Along the way through this story of mother's and daughters and gingerbread, Oyeyemi has left odd little ambushes of insight that wait to attack us like packs of wolves, or wolf pups at least. An "authenticity theme park" full of ersatz gingerbread girls here, a professor with wise bons mot about the writing of Emile Zola there, a lesson or two about what we will and will not accept in exchange for doing what we do better than anyone else around another corner... and, strangest and most confrontational of all, the idea of a near-utopia in which every kind of equality between people prevails except for economic equality. People may get bored with lives in which sexes, races, religions, sexualities, degrees or attractiveness or physical ability or intelligence are all on a level playing field, the land of Druhástrana seems to have concluded, as long as the chance of "unexpected abundance" (often in the form of some kind of lottery winnings) is present. Would that be so? Oyeyemi doesn't give us the answer to that; we must decide for ourselves. 

All this and at least one seriously adorably funny sex scene!

I have but one complaint about Gingerbread, and that's about the ending, which throws in several intriguing but unexplored new plot elements and characters at us by way of teasing a still-to-come reunion between Harriet and her old Druhástranian friend and on the whole feel like they've come from some other book entirely. It's a book I'd very much like to read someday, but I don't feel like it was a great way to end this one. 

Nonetheless, I've added the rest of Oyeyemi's output to date to my endless TBR, and will look forward to new work from her with anticipation and pleasure, like a freshly baked loaf of something dark and complex and delicious straight out of the oven. 

*Though one must always make allowances for the likes of Podiobooks and any similar efforts by aspiring authors who are trying everything they can to get attention for their beloved book babies, especially nowadays.
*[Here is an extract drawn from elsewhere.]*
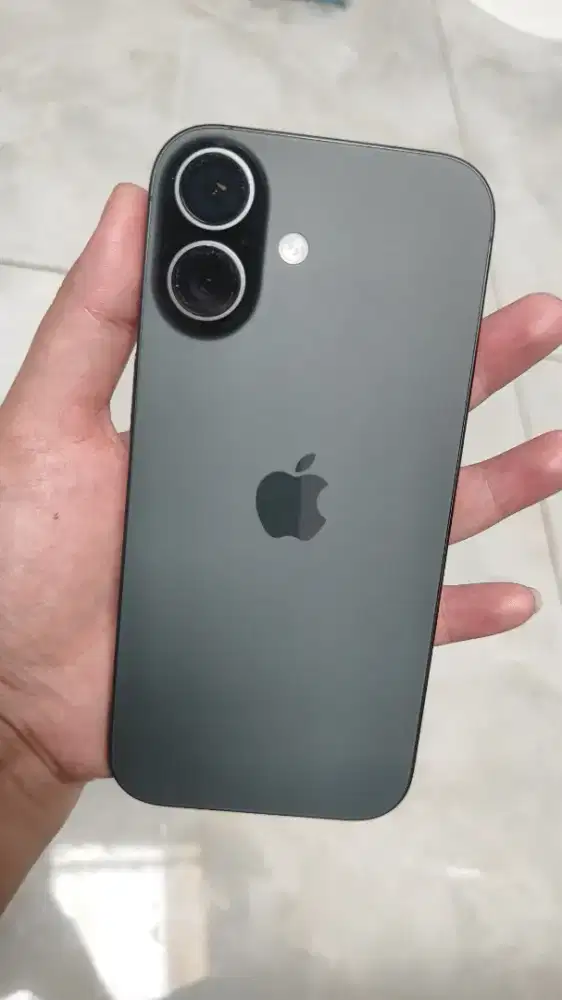 IPHONE 17 256gb hitam
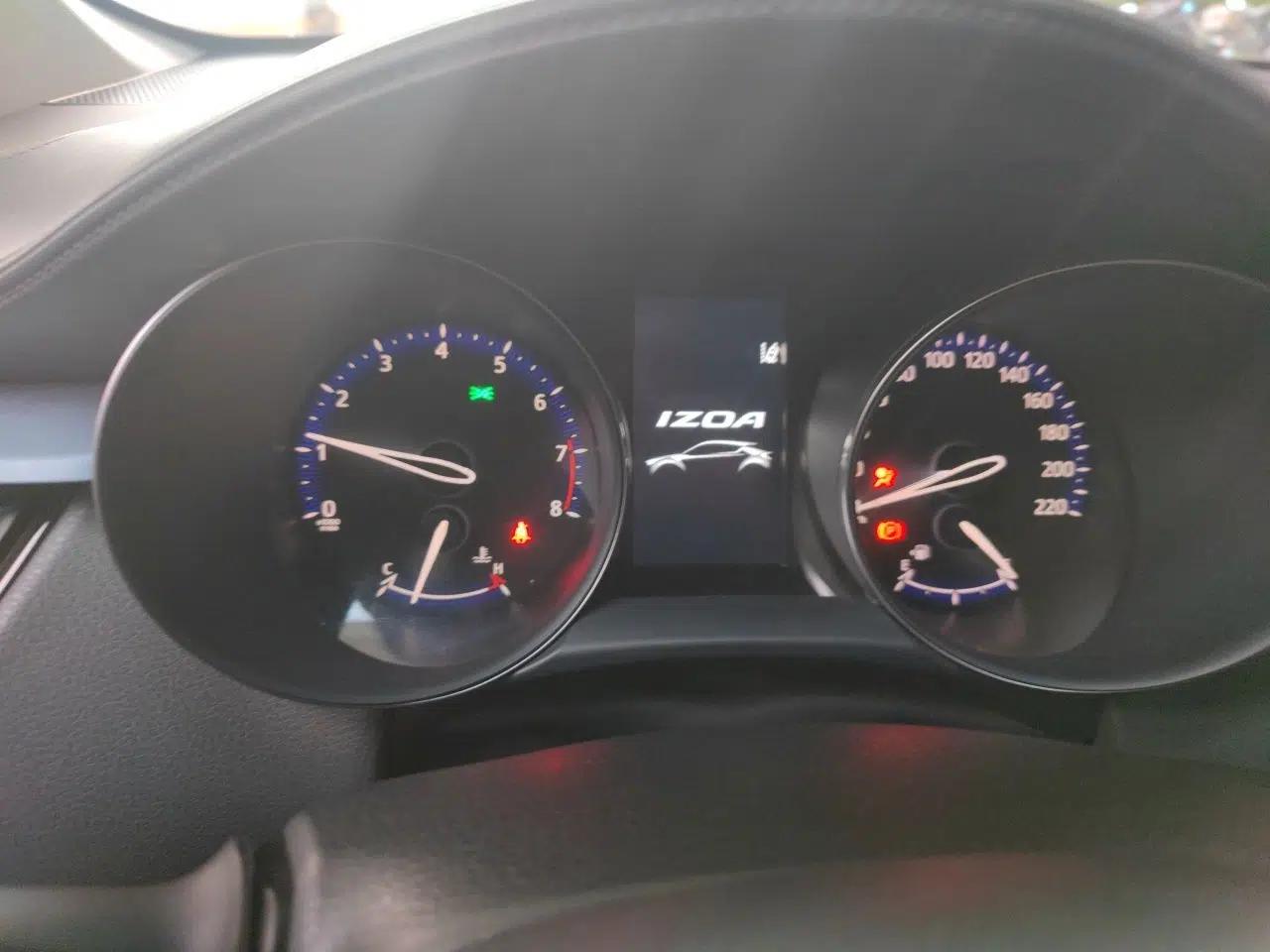 Toyota IZOA 2021 2.0L Enjoy Edition — миниатюра 11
Too many authors who have truly enriched my life got their starts that way, and some, like Scott Sigler, have never abandoned this practice. 

**If you're OK with tripping balls in your dreams that night. 

***Played in my imagination by 1980s-era Joan Plowright as Margot Lee, Juliette Stephenson as Harriet Lee, and Joely Richardson as Perdita Lee, because I spent many years with only a handful of movies on VHS to my name and my very favorite, watched until it wore out, was Peter Greenaway's Drowning By Numbers, a film I still haven't tired of, by the way! And yes, the text makes clear early on that the Lee women have "pearl gray hair and bark-brown skin" but I couldn't help it. Once the idea leaked into my head, it couldn't be budged.